Grand Opening of the Graphic Highlights Popularity of the Sullivan Square Area

Allan Greenbaum and his family stood in their former workspace earlier this month – yet the old printing floor was now a hip foyer with art on the walls and an electronic jazz band playing at the far end of the old industrial space.

It was a happy moment for the former owner of the Graphic Arts building – as he noted the amazing changes to the area – but also bittersweet as he gave the final good-bye to a place that had served an industrial purpose for decades.

OLD AND NEW: New owner Young Park stands with the former owners of the Graphic Arts building, the Greenbaums. (L-R) Julie Greenbaum, Michael Greenbaum, Young Park, Sylvia Greenbaum, and Alan Greenbaum.

“I’m just glad I’m part of the transformation of this part of Charlestown,” he said at the well-attended Grand Opening. “It’s amazing what is happening here and I love what they did. I would have never thought this could happen. I thought it would always be an industrial area, but I am really pleased about how it has gentrified.”

The Grand Opening of the old building, which has been married to a brand new building that was the largest pre-fabricated construction project ever in Boston, took place on Oct. 3. Despite being kind of a pioneer in the residential wave of Sullivan Square, so far, the ownership said they have found that people really want to live there.

“We’re over 75 percent leased and probably closer to 80 percent now,” said Paul Goodwin of Berkeley Investments. “Things are going really well and there’s been great reaction to the neighborhood. We love Charlestown…We want to be integrated with the neighborhood and the community, but this area was on the edge of what people considered Charlestown. It doesn’t feel like that now, which is nice.”
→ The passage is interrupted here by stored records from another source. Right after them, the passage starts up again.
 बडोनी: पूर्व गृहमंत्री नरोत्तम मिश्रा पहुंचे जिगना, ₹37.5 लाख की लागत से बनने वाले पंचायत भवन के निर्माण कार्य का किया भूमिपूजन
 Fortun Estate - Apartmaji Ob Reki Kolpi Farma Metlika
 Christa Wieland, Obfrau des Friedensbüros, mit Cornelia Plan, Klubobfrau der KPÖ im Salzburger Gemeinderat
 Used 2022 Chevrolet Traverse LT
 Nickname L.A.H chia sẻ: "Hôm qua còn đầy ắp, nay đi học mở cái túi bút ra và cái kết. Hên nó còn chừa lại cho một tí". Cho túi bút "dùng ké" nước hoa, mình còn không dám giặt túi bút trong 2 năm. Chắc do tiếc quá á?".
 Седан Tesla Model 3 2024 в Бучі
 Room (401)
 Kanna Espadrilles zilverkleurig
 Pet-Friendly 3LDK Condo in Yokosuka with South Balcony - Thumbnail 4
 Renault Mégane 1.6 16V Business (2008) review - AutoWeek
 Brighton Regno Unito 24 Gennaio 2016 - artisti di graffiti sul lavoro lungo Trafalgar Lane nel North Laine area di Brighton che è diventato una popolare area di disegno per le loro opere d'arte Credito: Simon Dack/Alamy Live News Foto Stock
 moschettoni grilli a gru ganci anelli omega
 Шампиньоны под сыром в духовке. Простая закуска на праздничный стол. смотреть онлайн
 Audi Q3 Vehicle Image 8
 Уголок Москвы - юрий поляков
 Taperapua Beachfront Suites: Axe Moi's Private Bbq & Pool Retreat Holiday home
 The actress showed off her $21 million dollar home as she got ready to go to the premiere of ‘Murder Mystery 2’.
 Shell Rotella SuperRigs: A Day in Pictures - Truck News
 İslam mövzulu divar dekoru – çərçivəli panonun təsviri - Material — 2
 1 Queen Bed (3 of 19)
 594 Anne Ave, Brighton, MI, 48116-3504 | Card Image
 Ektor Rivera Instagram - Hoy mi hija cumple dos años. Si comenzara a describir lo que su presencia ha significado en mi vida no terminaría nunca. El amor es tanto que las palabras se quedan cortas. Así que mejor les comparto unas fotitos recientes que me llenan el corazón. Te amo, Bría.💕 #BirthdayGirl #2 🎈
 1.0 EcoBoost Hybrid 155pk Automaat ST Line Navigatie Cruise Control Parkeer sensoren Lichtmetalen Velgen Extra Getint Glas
Greenbaum shared that the building was a glass milk bottle factory for many years, supplying bottles to H.P. Hood and other manufacturers of milk. The building where the new apartments have been built was called Atlantic Excelsiors, and they provided the straw that was used to cushion the glass milk bottles during shipment.

His business was originally on Chardon Street downtown, but was taken by the Boston Redevelopment Authority under eminent domain in Urban Renewal. They were relocated to Sullivan Square in 1958.

“When we first started, we tended to have a lot of employees from Charlestown and the North End,” Greenbaum said. “Then we started to get a lot of Portuguese employees from Somerville. When I closed the plant and sold, I got all of my employees jobs. No one lost a job and that was very important to us. I had people who worked for me for 25 or 30 years and it was a family business.”

He said he began to see that things were changing in 2013, and then when the casino came, he knew it was time to leave.

“I could see after the casino approval that there was a transformation,” he said. “Once they were going to re-do Spice and D Streets, we had to leave because we couldn’t load up anymore. We couldn’t bring the big truck to the back like we had always done.”

Sylvia Greenbaum, Alan’s wife, said she loved how Berkeley changed the space, and that it held many good memories.

“We love it,” she said. “There are a lot of memories here. What they did has changed it a lot, but there is still so much of the past here. Even the design they have kept the old doors. They did a great job.”

The rehabilitation of The Graphic building has 46 loft-style apartments, while the new building next door contains 125 modern apartment units. A commercial retail space of about 5,000 sq. ft. is in the process of being leased.